Like Yann Martel himself, Henry is a Canadian author whose second book - which features wild animals - has become both a critical success and a wildly popular bestseller. He then struggles for five years with his next book, which is about the ways that the Holocaust is represented in literature. He thinks he has found a fresh approach to tell the story, but his publisher, editor and agent unanimously reject it. Henry and his wife move away and he takes a break from writing. He starts working in a café, takes up the clarinet and joins an amateur theatrical group. One day he receives a package containing a short story by Flaubert (in which many animals are killed) together with an extract from a original play featuring a discussion between two characters: Beatrice and Virgil. An accompanying note reads: "I need your help". This prompts him to track down the author, an elderly taxidermist (also named Henry) who lives in the same city. Taxidermist Henry has been working on his play for 40 years, but isn't satisfied with it. At this point the plot slows down, and the play becomes the focus of the story.

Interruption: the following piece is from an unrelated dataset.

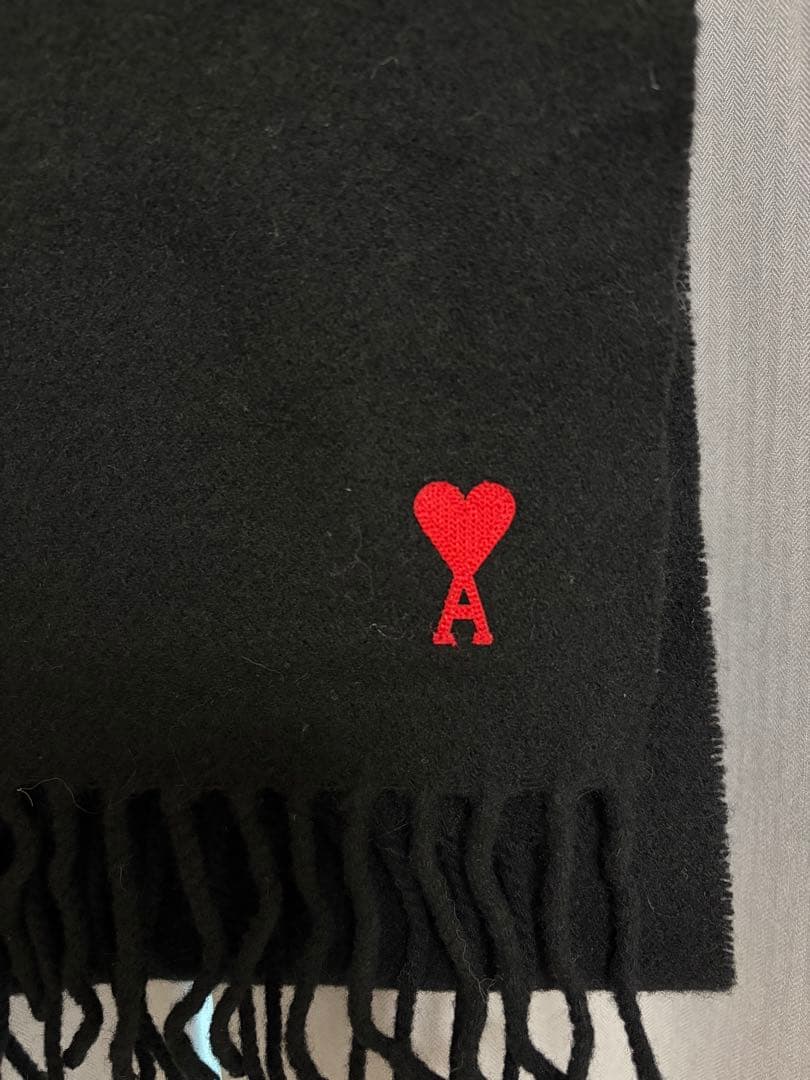 極美品 AmiParis アミパリス　マフラー　ブラック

So Beatrice and Virgil is a strange combination of what seems to be a highly autobiographical memoir with a not-very-compelling mystery, that centres on a play about a donkey and a howler monkey living on a striped shirt - which is itself a fairly laboured and obvious metaphor for something else. And that's the biggest issue for me. When I started reading the book I felt that it was stimulating, riddled with clues and associations, that it was operating on so many levels. But as I read on, I increasingly felt that I was being bludgeoned with the same heavy-handed metaphors over and over. I don't want to give away too much about the ending - which comes abruptly - other than to say that I found it both heart-breaking and blatantly manipulative.
This is a hard book to rate because it's difficult for me to separate my emotional response from my intellectual one. My emotional response is that I didn't like it - I loved the beginning, but hated it by the end - and yet, I still think it has impact and merit. It's interesting and ironic for me that a book which is about an author who wants to write a new and meaningful take on the Holocaust but fails, ultimately becomes a failed attempt to write the very same thing.

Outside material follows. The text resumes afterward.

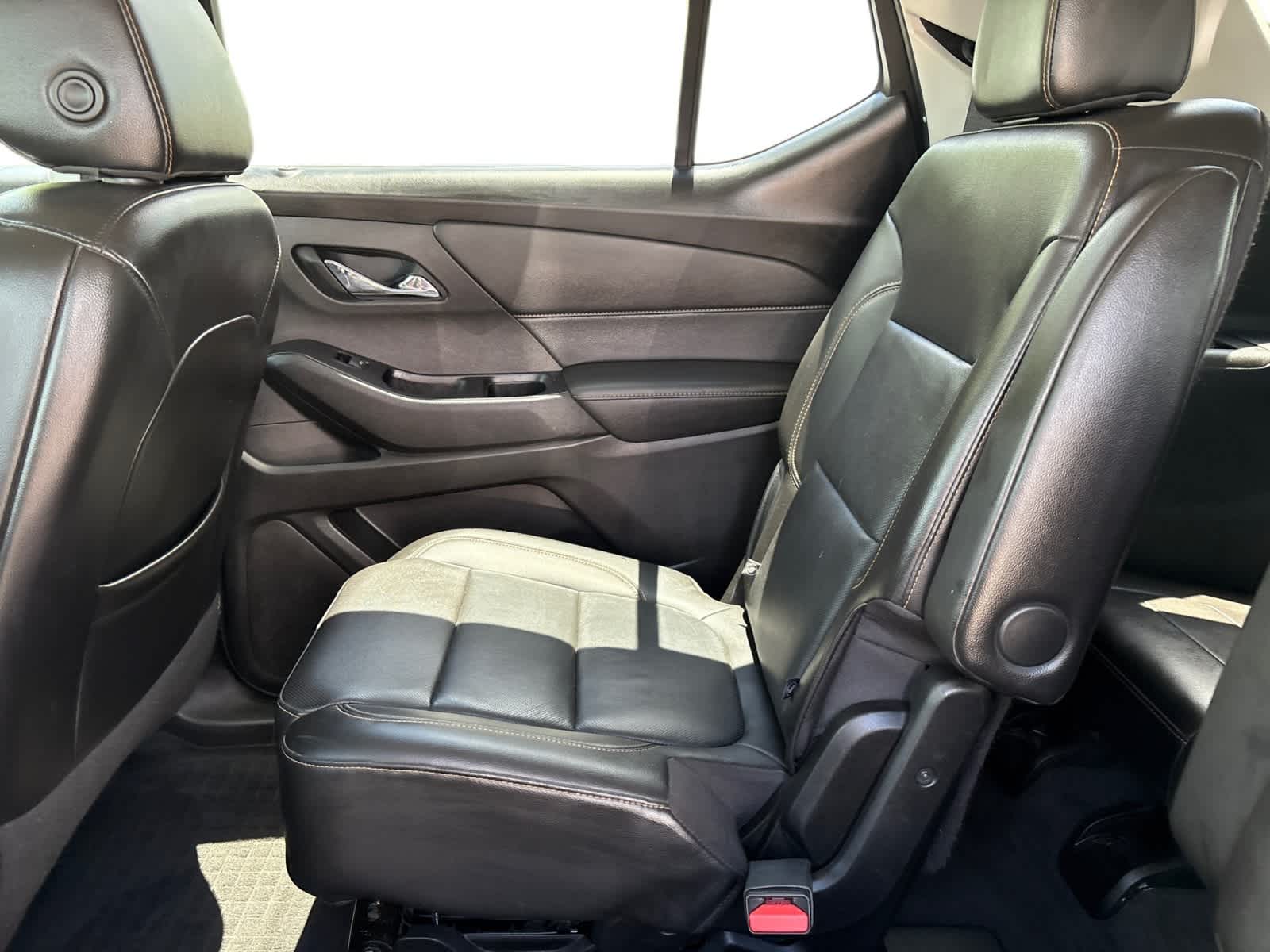 Thumbnail: 2020 Chevrolet Traverse - 13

Having said that, many parts of the book are beautifully written and are a pleasure to read. Martel has a gorgeous turn of phrase - for example, there's a lovely description early on about the German language and how it differs from the English language.
Beatrice and Virgil would be a perfect book for bookclubs because it's a quick read, it has so many layers and almost everyone is likely to have a strong response - whether positive or negative - to it. There's plenty I'm sure that I didn't "get" - including why the two central characters share the same name.